→ AIM OF THE TASK: What is needed is an exact copy of every entry, without the pictures.

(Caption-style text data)

---+---

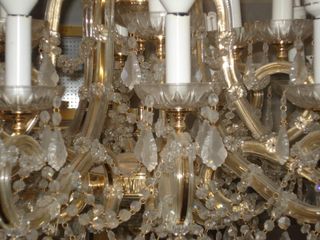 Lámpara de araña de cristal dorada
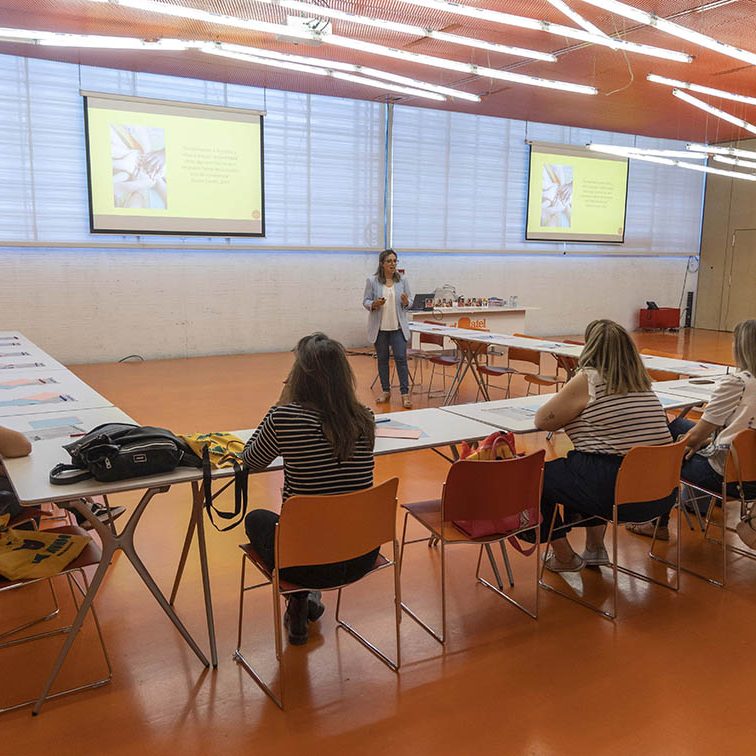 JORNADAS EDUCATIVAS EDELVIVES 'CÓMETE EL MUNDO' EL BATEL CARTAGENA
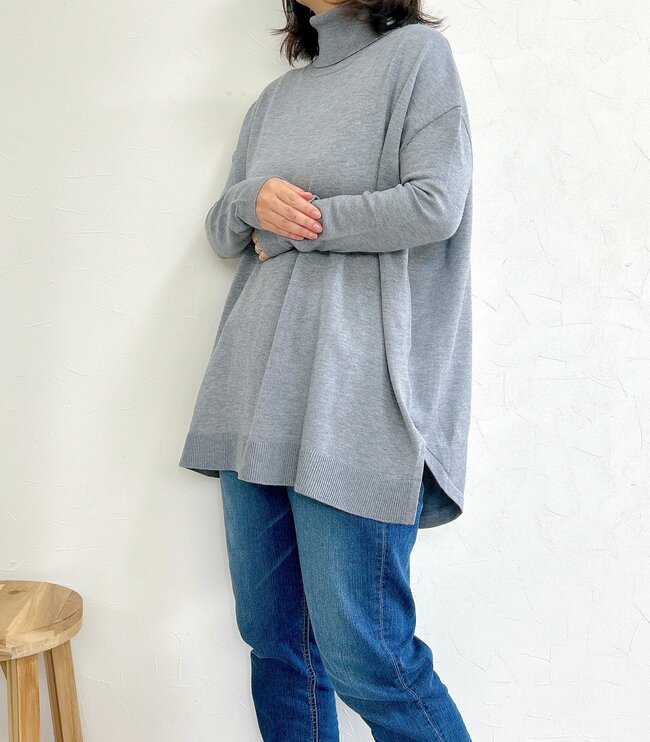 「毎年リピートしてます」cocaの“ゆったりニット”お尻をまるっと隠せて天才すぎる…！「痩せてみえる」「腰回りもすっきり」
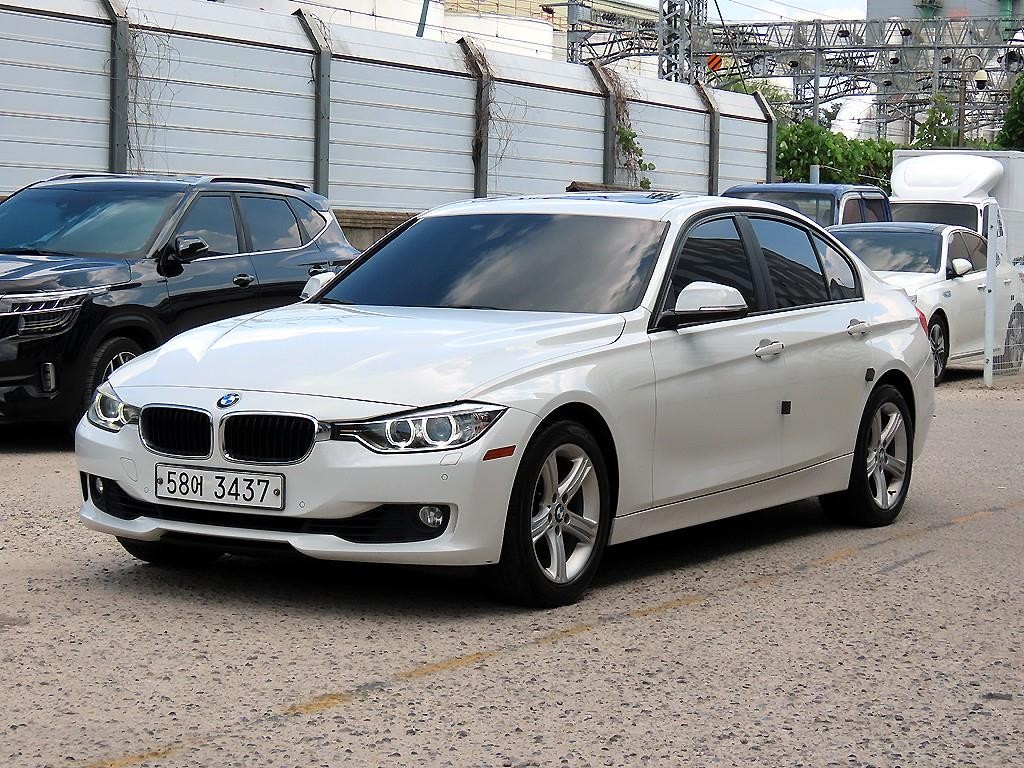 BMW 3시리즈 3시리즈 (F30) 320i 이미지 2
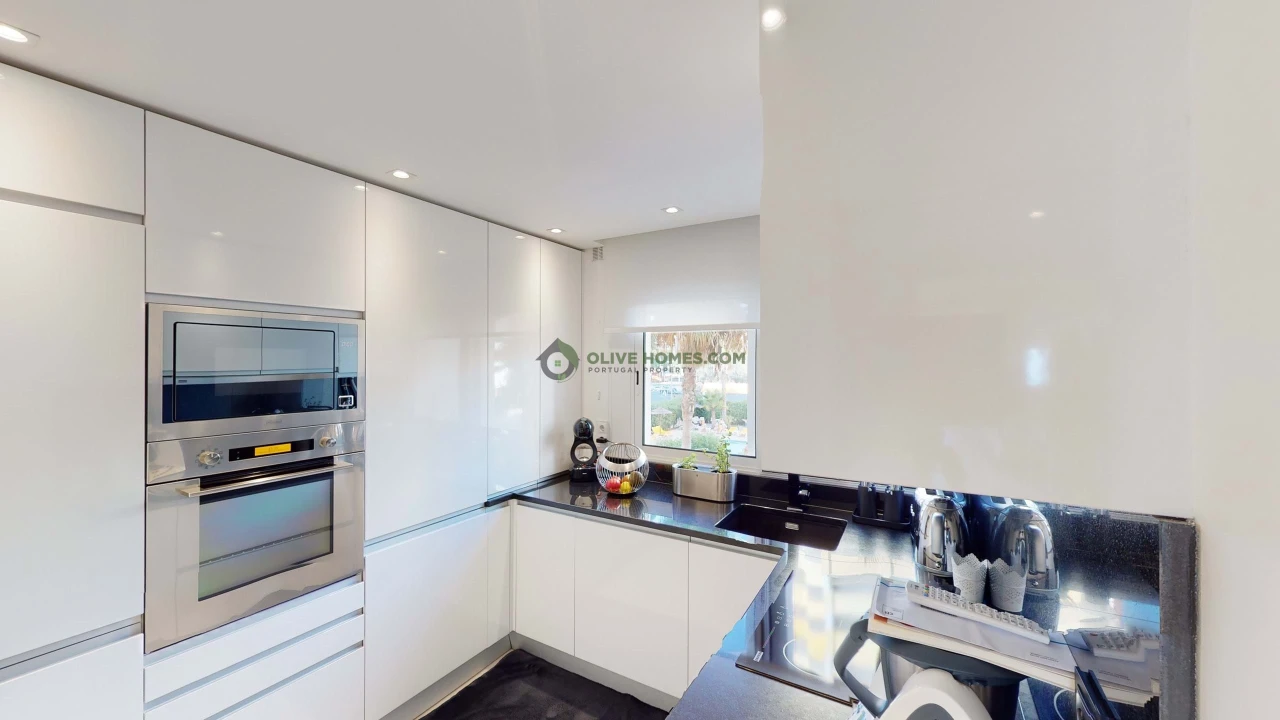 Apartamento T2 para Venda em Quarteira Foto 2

---+---

→ THE ANSWER:
 Lámpara de araña de cristal dorada
 JORNADAS EDUCATIVAS EDELVIVES 'CÓMETE EL MUNDO' EL BATEL CARTAGENA
 「毎年リピートしてます」cocaの“ゆったりニット”お尻をまるっと隠せて天才すぎる…！「痩せてみえる」「腰回りもすっきり」
 BMW 3시리즈 3시리즈 (F30) 320i 이미지 2
 Apartamento T2 para Venda em Quarteira Foto 2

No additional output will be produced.